**Task goal**
Restate word for word the lines of the records below, starting at the line that contains "Volkswagen Polo IV" and ending at the line that contains "1:48 TSR-2 Seats", with both of those lines included and nothing else.

**Input for this task**
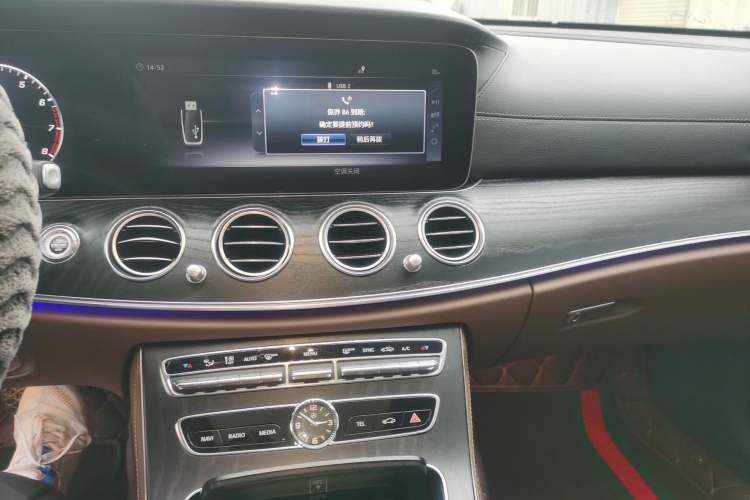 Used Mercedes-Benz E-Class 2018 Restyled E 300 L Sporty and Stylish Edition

---

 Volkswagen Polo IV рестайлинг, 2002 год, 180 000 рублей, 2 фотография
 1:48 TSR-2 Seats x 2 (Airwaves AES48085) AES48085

**Output of the exercise**
 Volkswagen Polo IV рестайлинг, 2002 год, 180 000 рублей, 2 фотография
 1:48 TSR-2 Seats x 2 (Airwaves AES48085) AES48085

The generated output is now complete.